Las mujeres no solo enfrentan mayores obstáculos para ingresar al mercado laboral, sino que ya en él, experimentan más dificultades para emplearse que los hombres, acceden a empleos de inferior calidad, sus remuneraciones son menores, al igual que los espacios para alcanzar cargos de dirección, incluso en casos en que muestran, de lejos, mejores cualificaciones.
La evidencia parece sugerir que aspectos reproductivos y de la forma en cómo son estructuradas las relaciones familiares a partir de ellos tienen un peso determinante: la maternidad, la convivencia —o no— en pareja y la forma en que al interior de los hogares son distribuidas las cargas asociadas con ellas explicarían buena parte de las brechas.
Pero asegurar que más mujeres puedan acceder a empleos de calidad, en condiciones de equidad y justicia, requiere de intervenciones que corrijan desigualdades y barreras estructurales y no solo, como suelen reproducir algunos discursos simplistas, acciones que dinamicen la actividad económica general.
Se trata, más bien, de medidas específicas que combatan e incluso penalicen las diferencias injustificadas en las remuneraciones o que promuevan —incluso mediante acciones afirmativas como cuotas obligatorias o incentivos— el acceso de mujeres a los puestos de trabajo, incluyendo los de dirección y gobierno.
En el caso de los mercados de trabajo, son cruciales y urgentes las intervenciones que corrijan las brechas en las condiciones laborales relacionadas con la maternidad, como es el caso de las licencias pagadas, obligatorias e irrenunciables en el caso del nacimiento o adopción de hijos —tanto para mujeres como para hombres— y la provisión de servicios de cuido asequibles —incluso provistos sin costo— para las familias.
Acciones como estas permitirían no solo cerrar la injustificable penalización en materia de remuneraciones y de acceso a los puestos de trabajo que supone para las mujeres la maternidad; sino que, además, si son acompañadas de esfuerzos en materia educativa y de convivencia colectiva, contribuirían a construir en los hogares una visión más justa y equitativa en torno a las responsabilidades de mujeres y hombres relacionadas con el cuido en todas sus dimensiones, no solo económicas, sino sociales y psicológicas.
Urge superar las posturas antediluvianas que sostienen intereses egoístas y miopes —tanto económicos como políticos— y comprender de una vez por todas que avanzar en equidad de género en los mercados de trabajo no es solo un imperativo en términos de justicia, sino que una fuente de crecimiento y bienestar – presente y futuro – para esta sociedad.

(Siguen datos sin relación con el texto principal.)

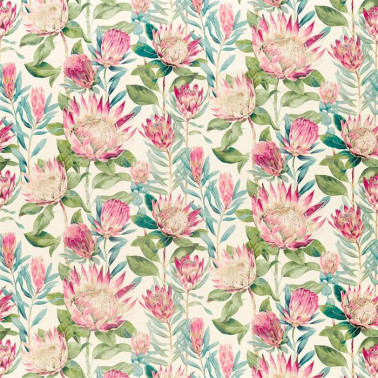 King Protea 226573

No puede ser más desesperanzador hoy el descubrir, que lejos de preocuparnos y, sobre todo, ocuparnos por corregir, de una vez por todas, estas fuentes de inequidad y, en no pocos casos de pobreza inaceptable, más bien la incompetencia de la mano de intereses aviesos han permitido que se desmantele lo avanzado hasta hace muy poco con pueriles excusas como la de la incapacidad de financiarlas y, lo que es más grave, un discurso misógino y violento desde quienes temporalmente detentan —y otros muchos que pretenden hacerlo— el poder político.